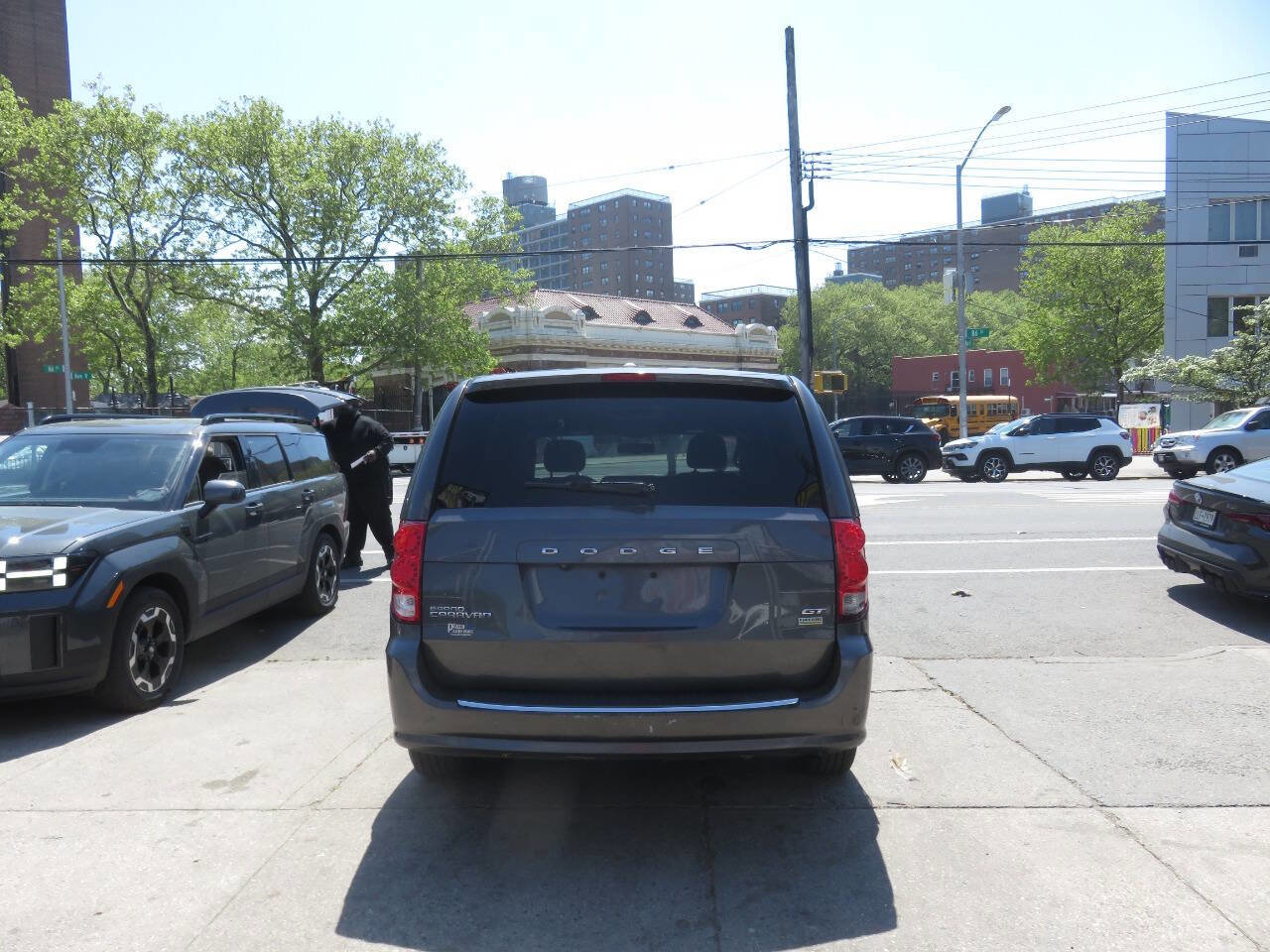 Used 2018 Dodge Grand Caravan GT FWD image 8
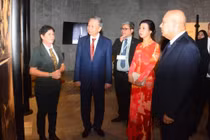 Tổng Bí thư, Chủ tịch nước Tô Lâm tưởng niệm Anh hùng dân tộc Cuba Jose Marti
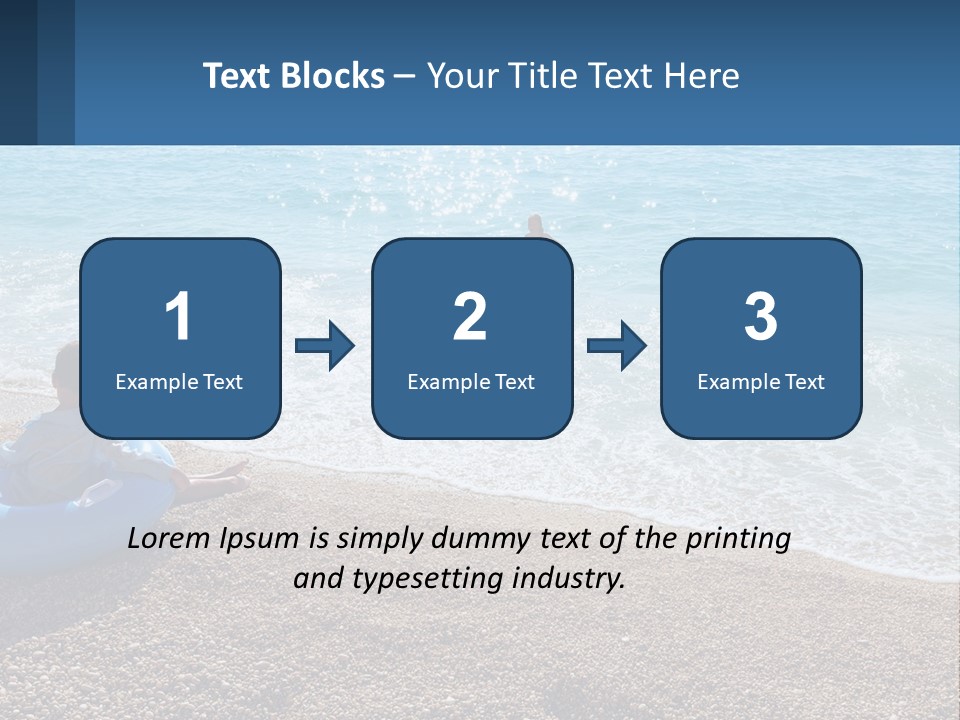 Remote Cooling Equipment PowerPoint Template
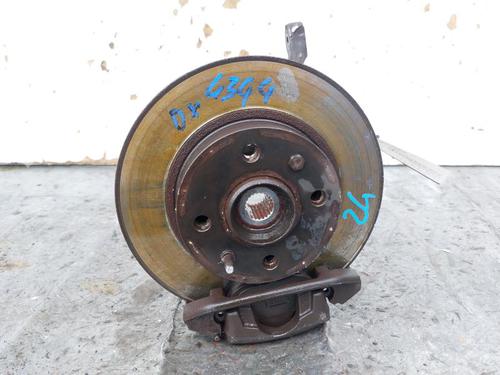 Used Right front steering knuckle FIAT SEICENTO / 600 (187_) 1.1 (187AXB, 187AXB1A, 187AXC1A02) (54 hp) 27713545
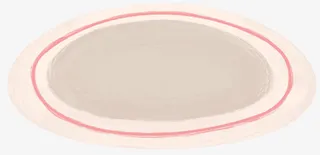 h5素材水彩圆圈边框免抠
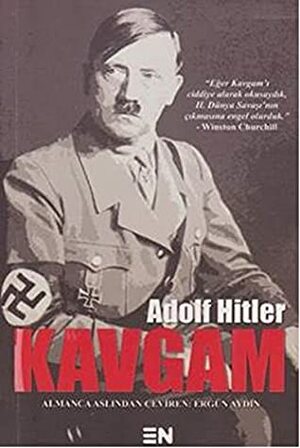 Kavgam by Adolf Hitler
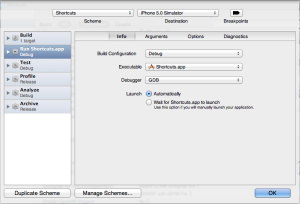XCode Después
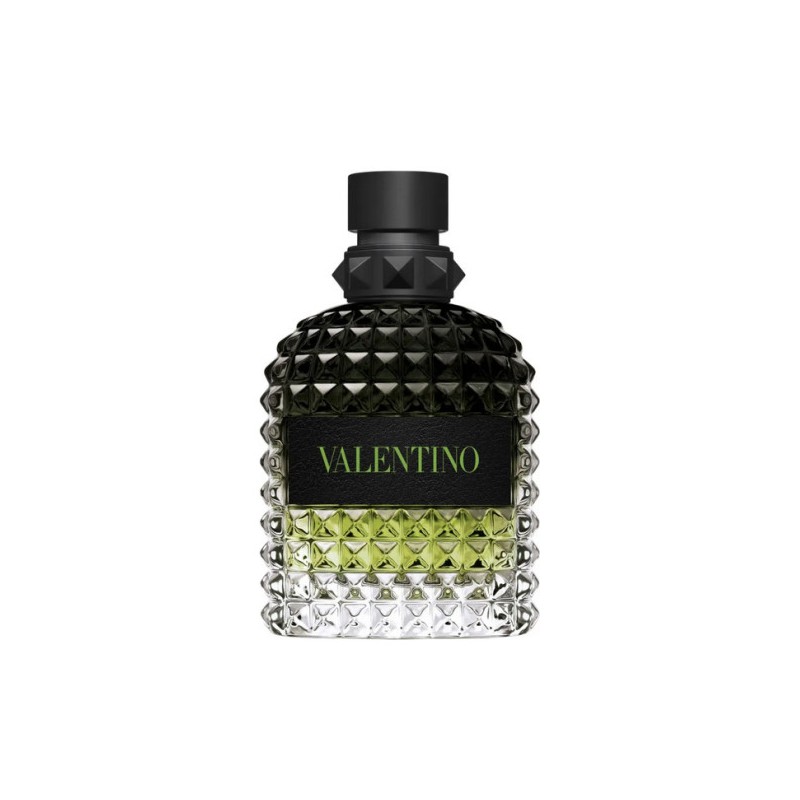 Valentino Uomo Born In Roma Green Stravaganza Eau de Toilette pentru bărbați EDT neambalat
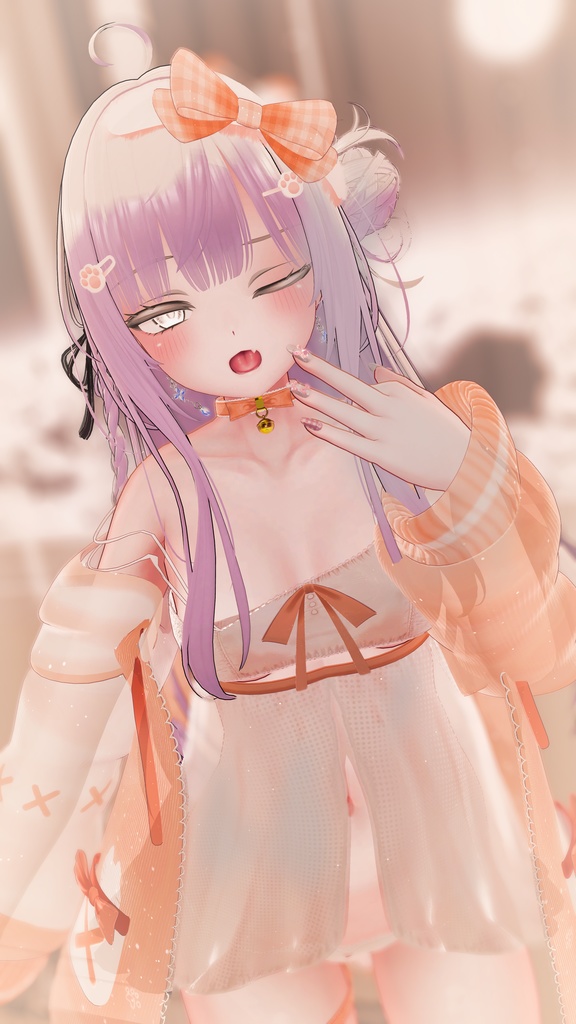 《34アバター対応衣装》せいそせっとR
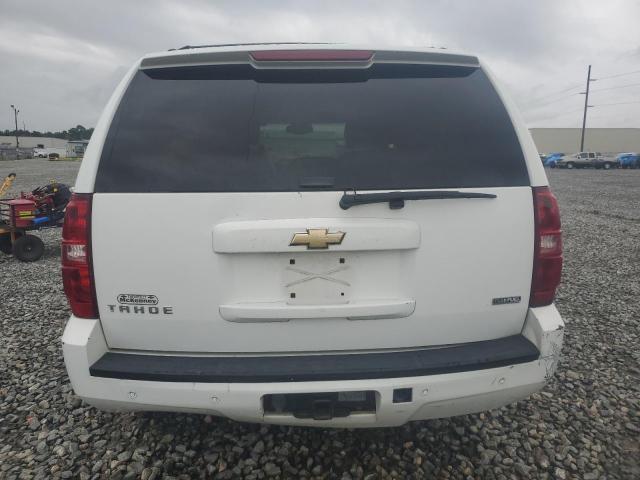Photo 6 from auction – 2007 CHEVROLET TAHOE with VIN 1GNFC13037R305265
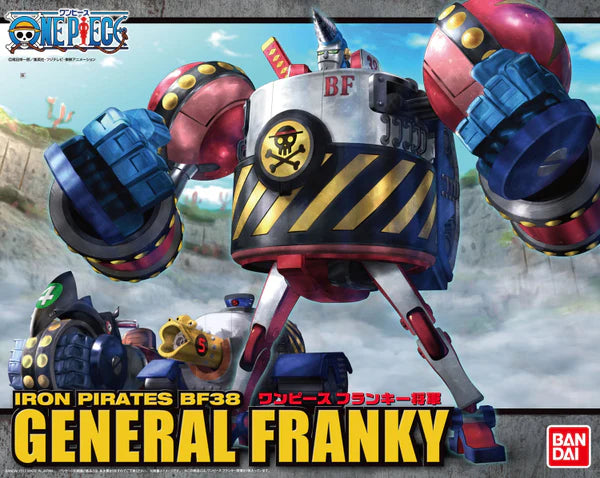 Best Machine Collection: General Franky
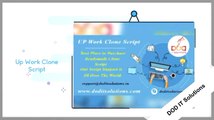 UP WORK FREELANCER CLONE | UP WORK | DOD IT SOLUTIONS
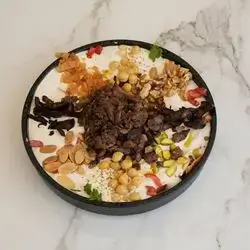 Meat Fatteh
------------
> **Task item**:
Word for word, retype the lines from the one that contains "Tổng Bí thư, Chủ" through the final line of the data, both ends included, excluding pictures.

> **Task solution**:
 Tổng Bí thư, Chủ tịch nước Tô Lâm tưởng niệm Anh hùng dân tộc Cuba Jose Marti
 Remote Cooling Equipment PowerPoint Template
 Used Right front steering knuckle FIAT SEICENTO / 600 (187_) 1.1 (187AXB, 187AXB1A, 187AXC1A02) (54 hp) 27713545
 h5素材水彩圆圈边框免抠
 Kavgam by Adolf Hitler
XCode Después
 Valentino Uomo Born In Roma Green Stravaganza Eau de Toilette pentru bărbați EDT neambalat
 《34アバター対応衣装》せいそせっとR
Photo 6 from auction – 2007 CHEVROLET TAHOE with VIN 1GNFC13037R305265
 Best Machine Collection: General Franky
 UP WORK FREELANCER CLONE | UP WORK | DOD IT SOLUTIONS
 Meat Fatteh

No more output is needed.